Dans cette guerre contre la Libye, lancée le 19 mars, ils ont été les premiers à intervenir. Dès le 6 mars, ils commençaient à fouiller l'espace aérien libyen, aux ordres du seul gouvernement français. L'équipage a compris que quelque chose était dans les tuyaux quand ils ont croisé un avion britannique, qui conduisait la même mission, à la même heure. Dès le lendemain, les opérations de surveillance se poursuivaient en commun.

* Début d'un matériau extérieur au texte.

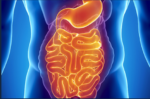 London Digestive Health
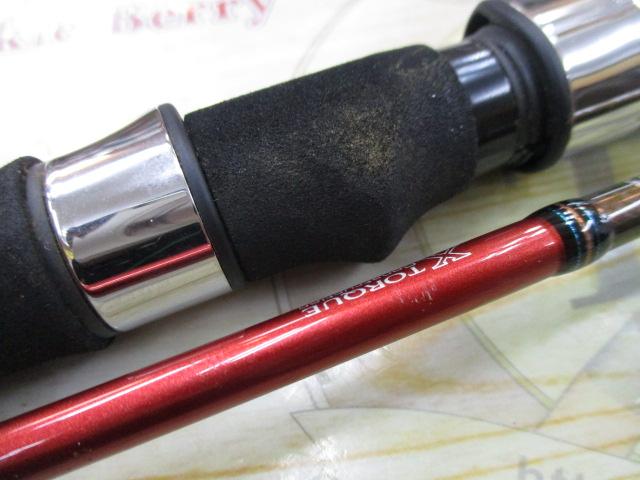 リーディング スリルゲーム 64 M-195｜＠ベリーネット 日本最大新品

Il est maintenant 14 heures. Dans la "galley" (office) de l'avion, la bouilloire tourne à fond, les tasses à café se remplissent, les plateaux-repas se composent avec les plats frais préparés par le mess d'Avord et les conserves extraites de boîtes de ration. C'est l'heure de la réécriture du vol, des supputations sur l'avenir de la guerre, des quelques minutes de sommeil glanées sur des sièges dignes des antiquités de l'Aéropostale. Aujourd'hui, l'armée de l'air et la marine françaises ont conduit 27 missions au-dessus de la Libye. Vers 16 h 30, l'avion se pose à Avord. Le prochain vol de cet équipage aura lieu après-demain... La Libye est devenue très proche du Cher !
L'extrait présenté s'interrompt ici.